Je pense qu'il est absolument fondamental de présenter un paquet, fin juillet début août, aux autorités iraniennes concernant, en effet, le programme nucléaire civil, avec d'ailleurs une garantie de fourniture de combustible pour le nucléaire civil, ensuite, un accord technologique qui peut concerner plusieurs éléments, météorologique, sismologique ou autre et enfin, essayer de réfléchir avec eux sur la sécurité de leur pays. Nous aurons besoin des Américains pour parler de cela avant de le leur proposer ; puis ensuite, nous réaffirmerons de manière très ferme l'importance de suspendre l'ensemble des activités liées au cycle du combustible.
Q - Monsieur le Ministre, ce n'est pas une question très importante sur le plan de la politique étrangère, sur les commentaires que le président Chirac aurait fait sur la nourriture en Angleterre, en disant qu'on ne pourrait pas faire confiance aux personnes qui mangent une nourriture aussi mauvaise, y a-t-il eu un retrait de ces déclarations, est-ce que c'est vrai, où en est-on avec cette question ?
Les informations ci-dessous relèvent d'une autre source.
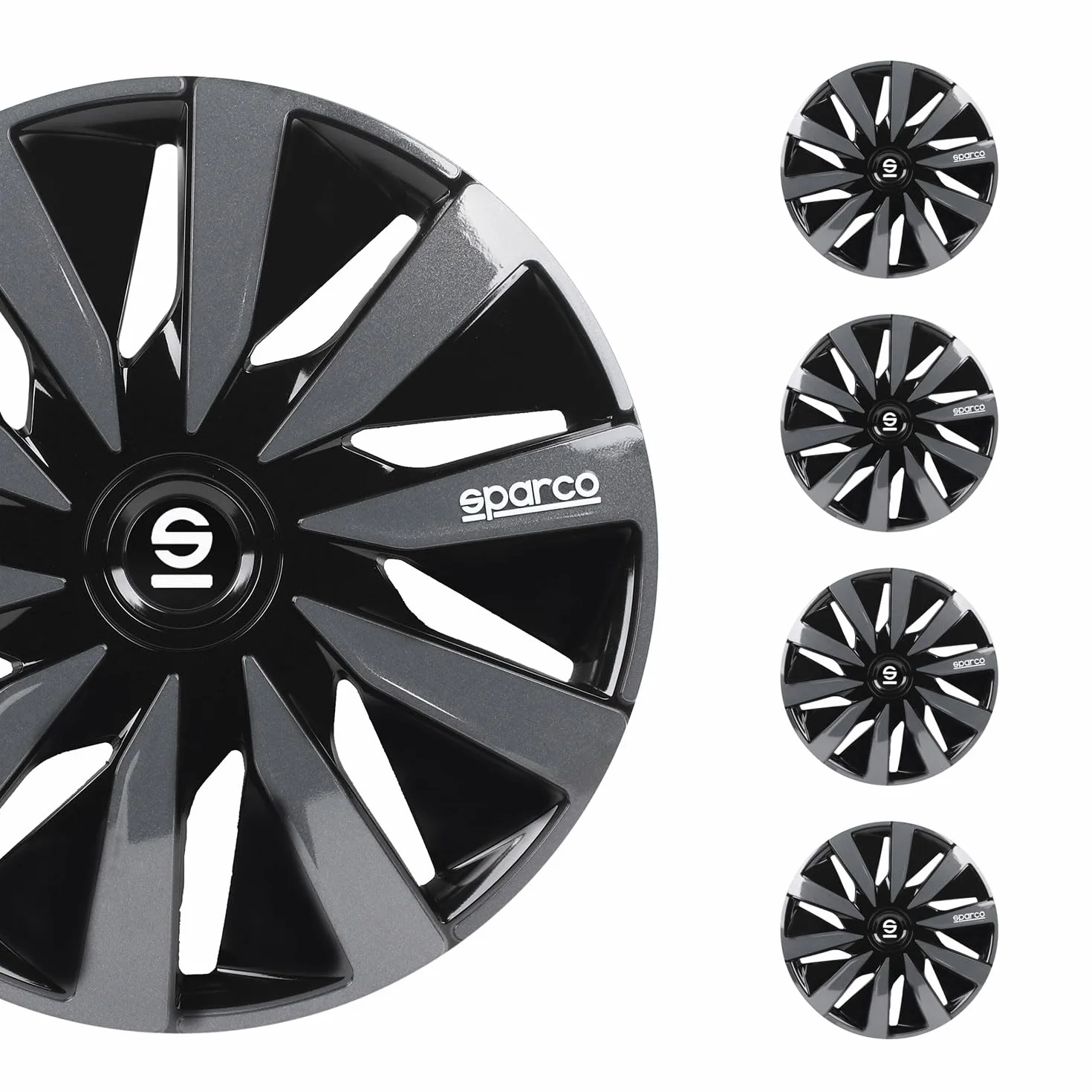 Sparco Cubiertas de ruedas Lazio SPC1691BKGR de 16 pulgadas, negro/gris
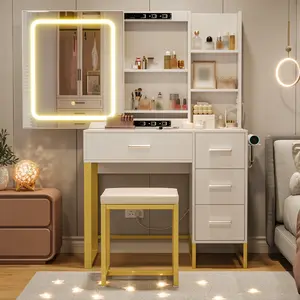Modern Vanity Desk with Sliding LED Mirror, Power Outlet, 4 Drawers & 5 Shelves, Cushioned Stool – Makeup Table for Bedroom or Bathroom, White or Black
R - Je ne pense pas que le président Chirac ait pu dire cela, et puis surtout je pense que le Président Chirac est aujourd'hui concentré sur une chose, c'est essayer d'avoir les Jeux Olympiques à Paris. C'est vrai que nous avons une compétition mais la compétition, on y est habitué et c'est toujours sain, c'est une bonne émulation. Je ne sais pas exactement quel sera le repas qu'on lui servira à Singapour, ce que je sais, c'est qu'il fera tout pour avoir les Jeux Olympiques à Paris et je lui fais confiance.
Q - Pour en revenir au dossier iranien, Madame la Secrétaire d'Etat, êtes-vous d'accord avec le mot "suspension" utilisé à l'instant par le ministre des Affaires étrangères, est-il suffisant pour les Etats-Unis ?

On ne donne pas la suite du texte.